## Inspiration
Being unable to articulate what hurts is one of the most frustrating aspects of the patient experience. Through a longitudinal, and visually intuitive issue tracker, we allow pinpointing of pain points on a secure platform. A model agent equipped with the precise muscloskeletal location and intensity, in addition to any relevant contextual factors, carefully researches and returns potential causes and treatments. This allows patients to navigate harm in a number of ways. Firstly, our agent informs them of treatments for common issues, reducing the number of clinical interventions necessary. Second, our agent familiarizes and educates users about relevant medical terminology, putting them on stable footing when it comes to talking with healthcare providers and clinicians. Lastly, through creating records through our simple and intuitive interface, users establish a longitudinal record of their medical issues and treatment options.

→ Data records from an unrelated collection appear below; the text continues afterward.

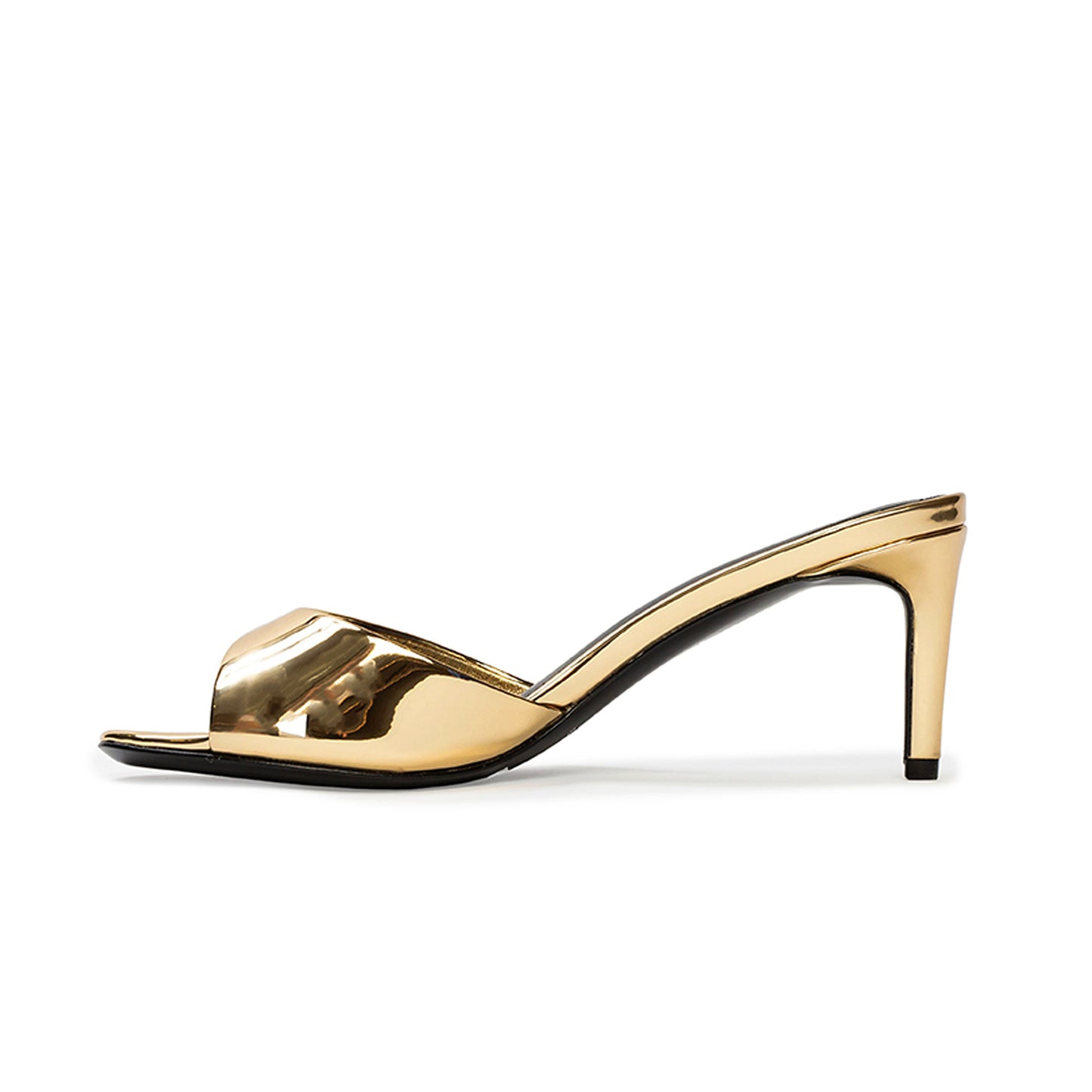 Metallic Gold Round-Toe Simple Sleek Backless High Heels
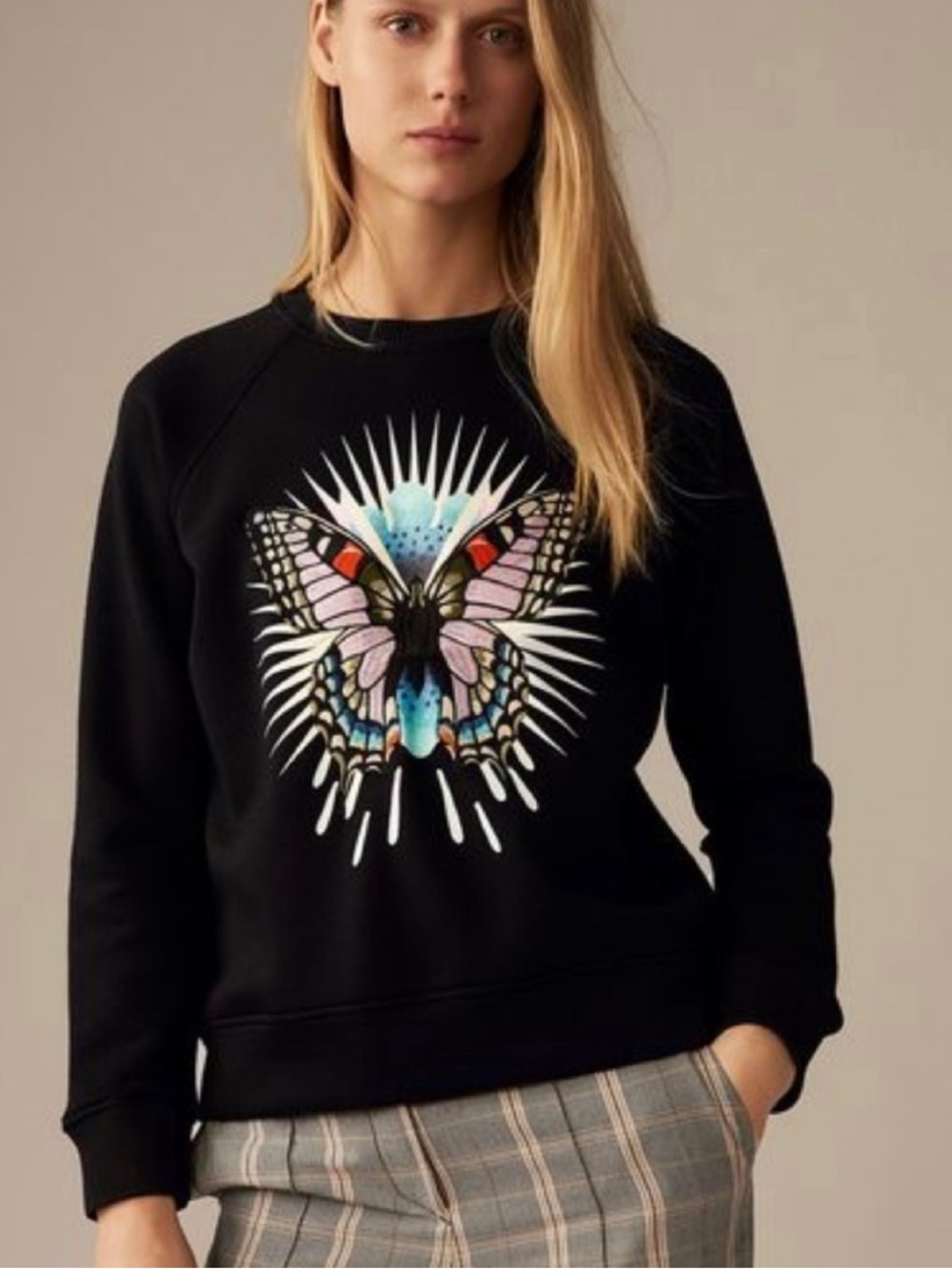Maje Black Sweatshirt with Multicolor Butterfly Embroidery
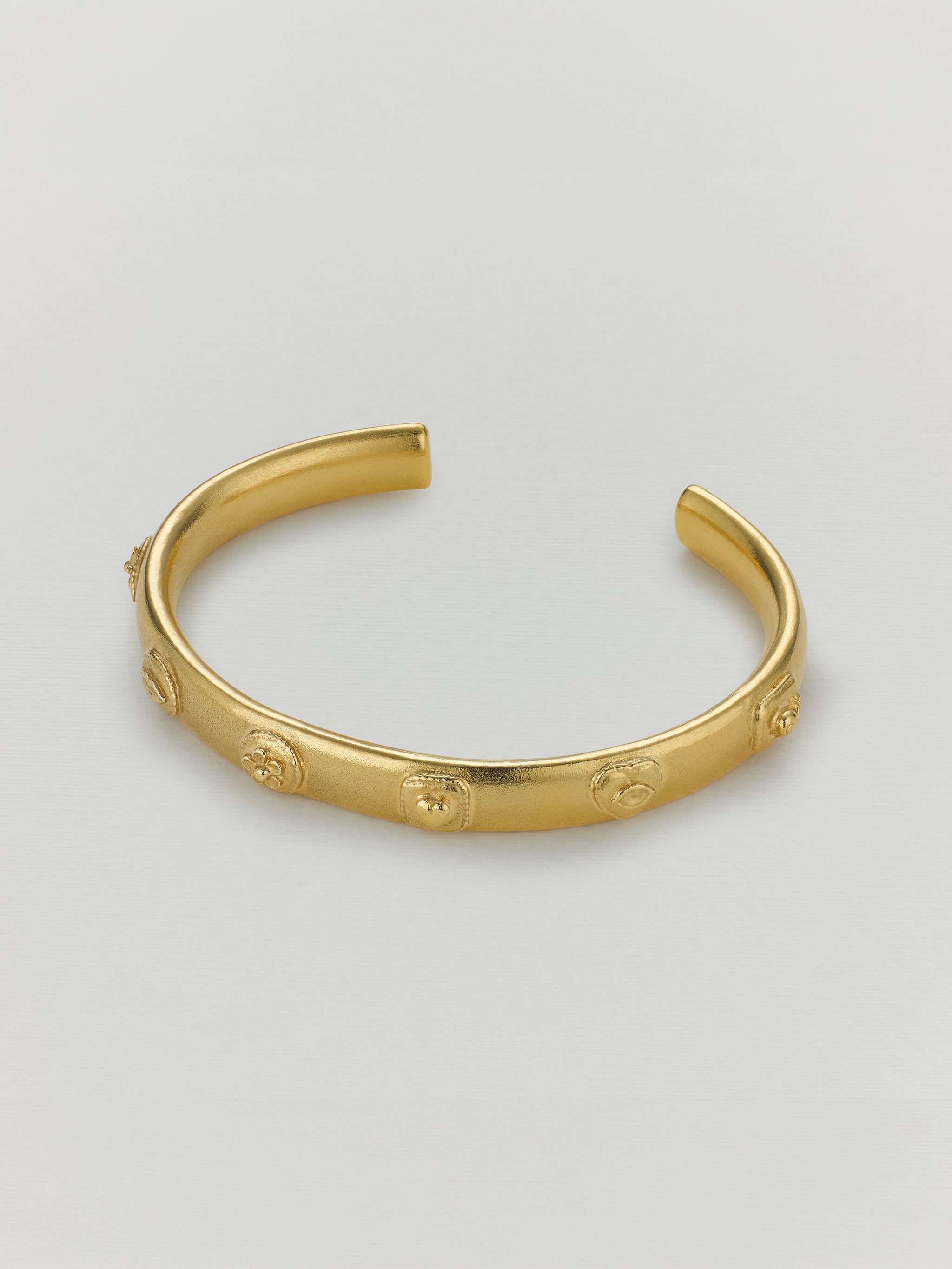Gratitude for Nature Open Cuff Bangle - image 2 | gold plate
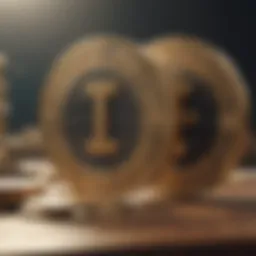 Conceptual representation of stablecoins linking to fiat currency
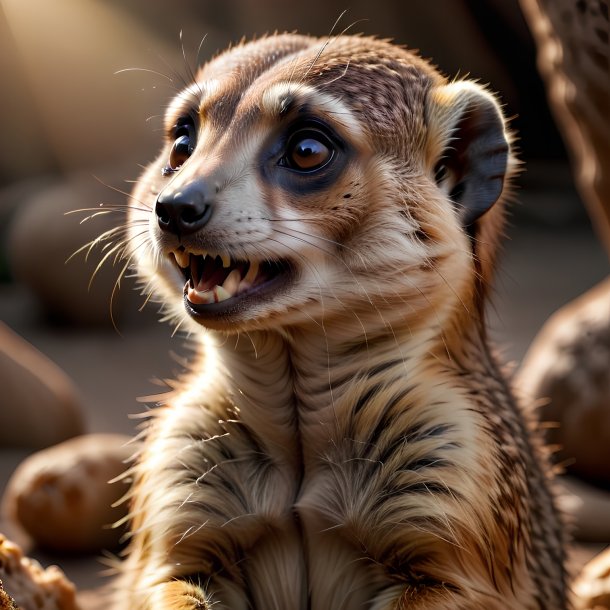 Photo d'un meerkat mangeant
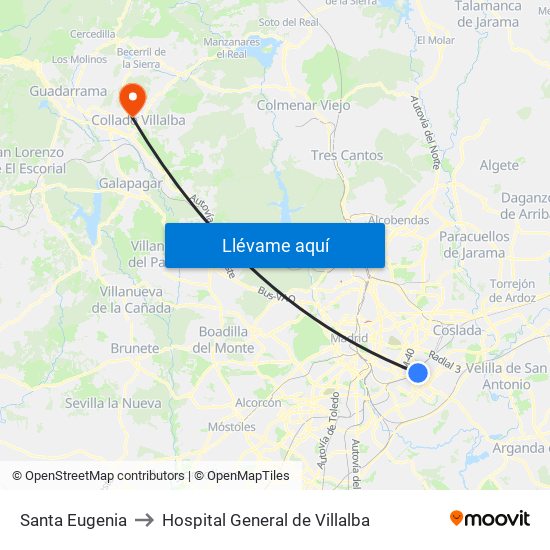 Santa Eugenia to Hospital General de Villalba map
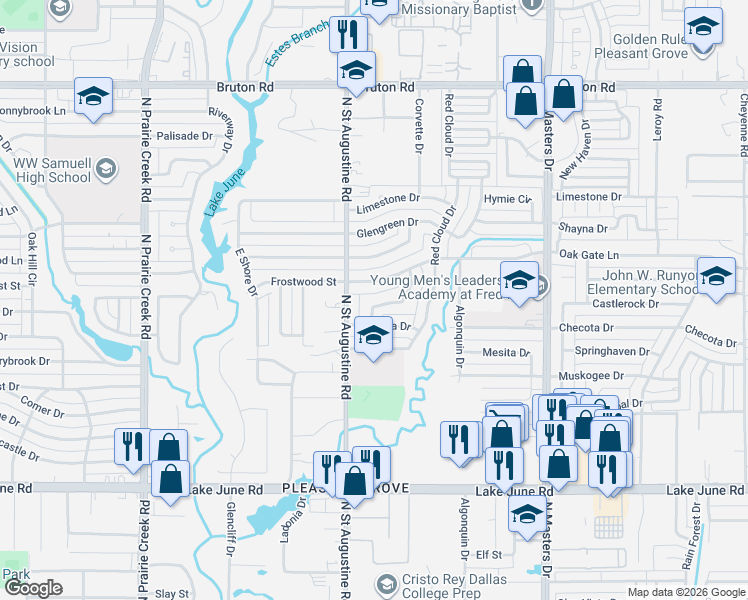 map of restaurants, bars, coffee shops, grocery stores, and more near 9731 Faircloud Drive in Dallas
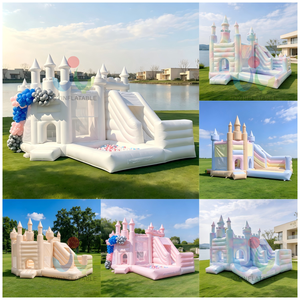 Castillo Inflable Arcoíris <span class=keywords><strong>de</strong></span> Grado Comercial, Color Verde Menta, <span class=keywords><strong>con</strong></span> Tobogán, <span class=keywords><strong>para</strong></span> <span class=keywords><strong>Alquiler</strong></span> <span class=keywords><strong>de</strong></span> Equipos <span class=keywords><strong>para</strong></span> Fiestas y Eventos Modernos - Product Image 3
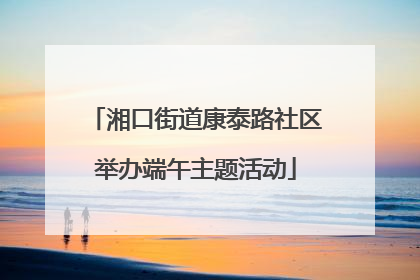 湘口街道康泰路社区举办端午主题活动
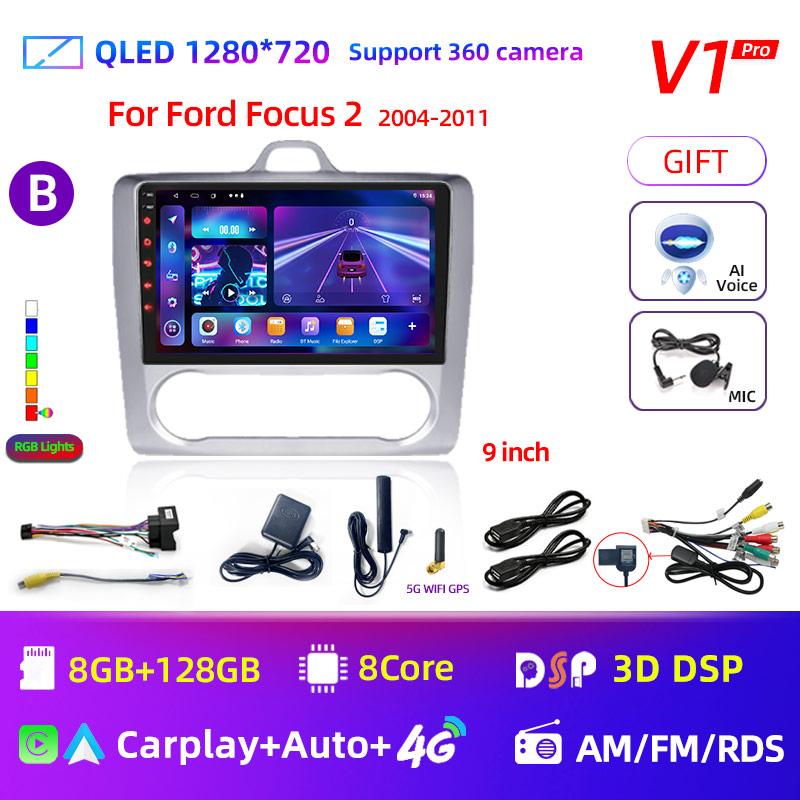 Android 12 Car Radio for Ford Focus 2 3 Mk2 Mk3 2004 2005 - 2011 Multimedia Player Navigation GPS 2Din Carplay Stereo DVD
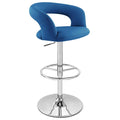 Dark Blue Adjustable Height Swivel Armless Bar Stool E684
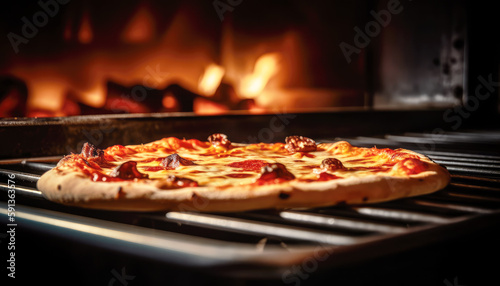 Pepperoni pizza in the charcoal oven on black background with studio lighting. Food and delivery concept. Generative AI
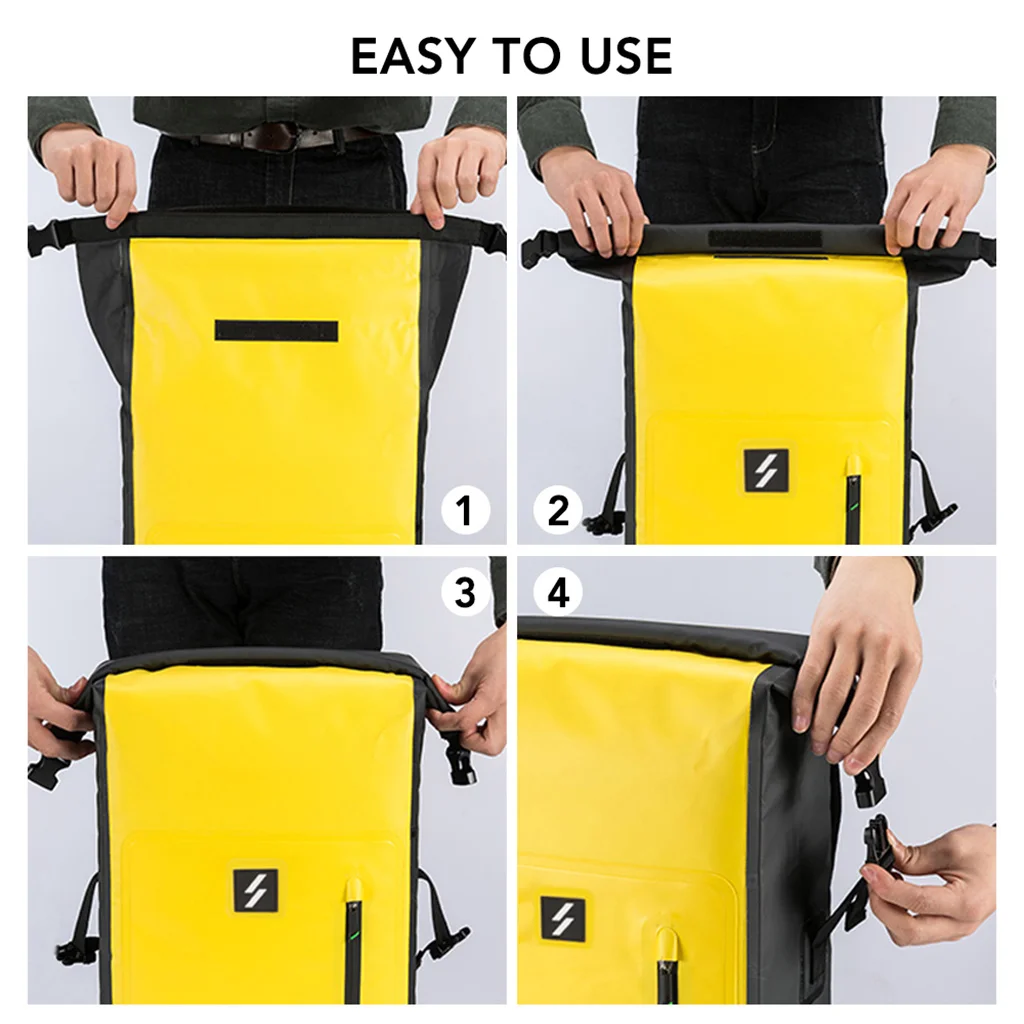 25L Large Capacity PVC Backpack Roll Top Waterproof Dry Bag Knapsack for Cycling Camping Hiking Fishing Kayaking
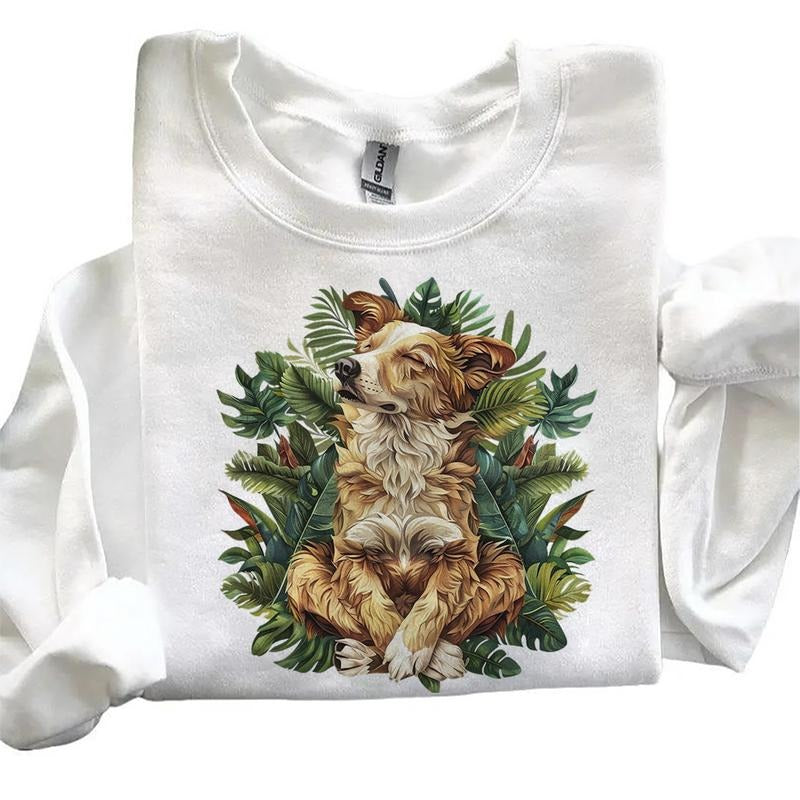 Meditating Dog Retro Sweatshirts Hoodie 4th of July Cute T-shirt Hunting Season Unisex Cotton Womenswear | DripVista.com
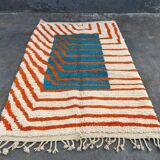 Beni Ourain Berber rug with colourful patterns, size 150 x 250 cm.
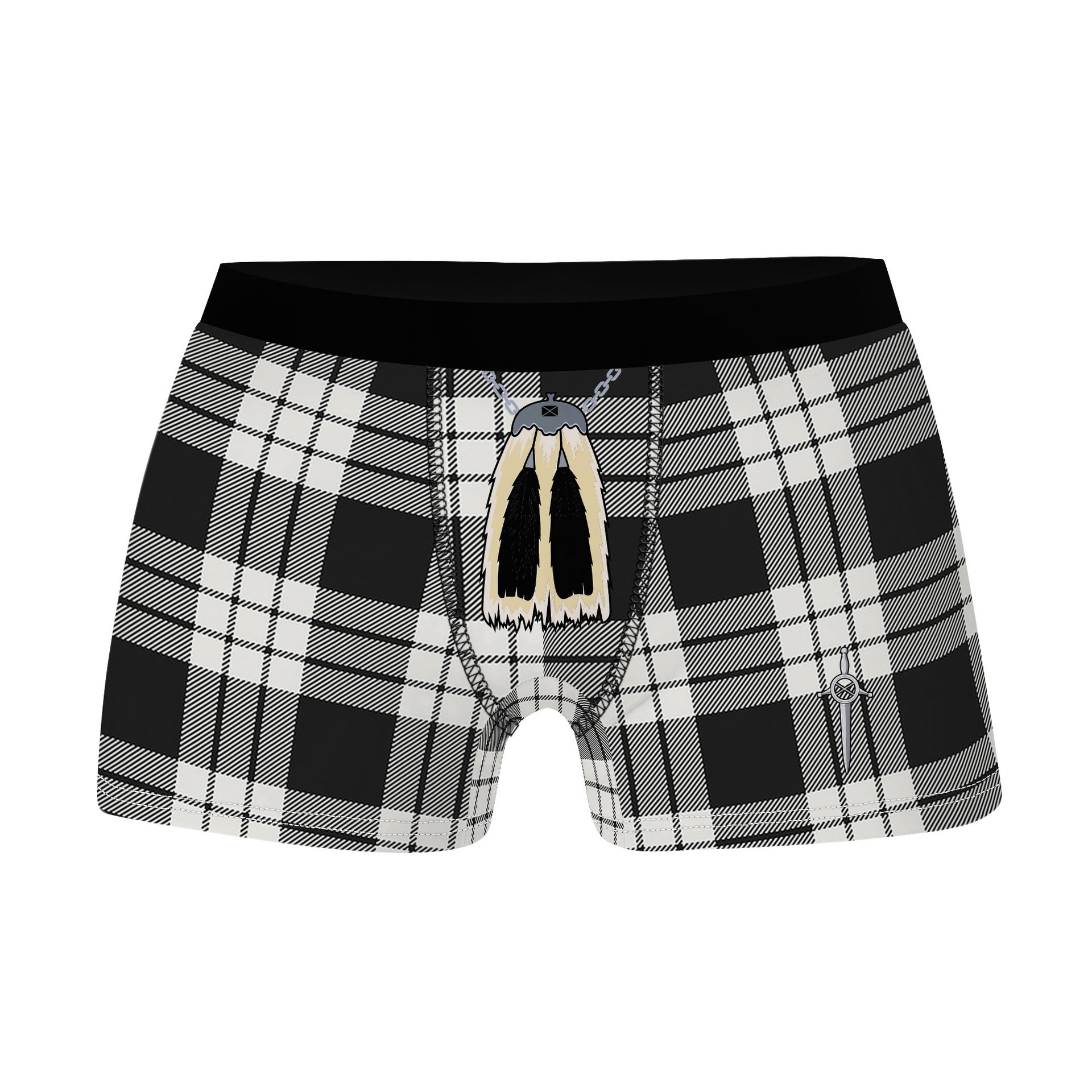ScotsTee Shop Scottish McFarland Black White Clan Highland Kilt Sporran Tartan Boxer Briefs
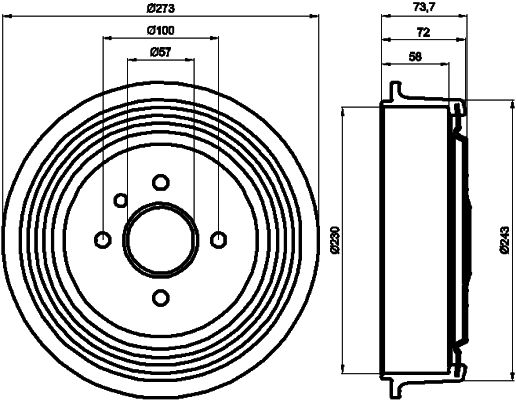 MINTEX Тормозной барабан MBD285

Such a longitudinal record replaces the all-too-common experience of Googling chronic or persistent pains (“pain in lower back”, “pain in back of leg”), reading a couple articles, and then forgetting about the issue until it happens again.

### What it does

Our app allows users to sign up and login to a secure platform, on which they can make queries and receive causes and treatment options. They are able to specify precise locations (e.g. lumbar vertebrae L4) through interactive diagrams of the human body. The purpose of SkeletonKey is not primarily to serve as an AI doctor, but to educate and inform users on available options, and prepare them for visits with family doctors or specialists. Furthermore, output from the issue tracker can also be converted into notes for clinical use. Our project creates a safer patient experience through empowering its users to discuss alternative treatments. During appointments, our platform saves time for multiple stakeholders by allowing patients and care providers to talk about the issues they care about the most.

## How we built it

The base application was built using React Native and Expo Go. For our backend, we used Supabase for user authentication as well as database storage. We defined reusable, modular functions for reading and editing skeletal and muscular structures, which are presented as SVGs in the issue creation page. We use the Gemini Pro API and send JSON input built from the user’s selections. The agent then returns structured text, which may include links (e.g. to specific potential conditions), videos (e.g. stretching or yoga exercises) or images (e.g. a specific anatomical diagram) back to the user in a consolidated main page.

## Challenges we ran into

- Finding freely available online anatomical models was one major challenge: for many online repositories, there is either a strict paywall or the anatomy was not specific enough. With the labeled vector files which did exist, traversing the hierarchical structures to identify named entities was challenging. Another issue we faced was learning React Native and dealing with the project structure. Neither of us had worked extensively with React Native prior to the hackathon, so we spent a good deal of time learning the unique challenges of mobile development. Additionally, a challenge was getting user authentication working. We had issues with our email verification process which made it difficult to implement. Another challenge was finding the correct LLM to use and integrating the LLM into the workflow through giving it information from the diagrams and user input.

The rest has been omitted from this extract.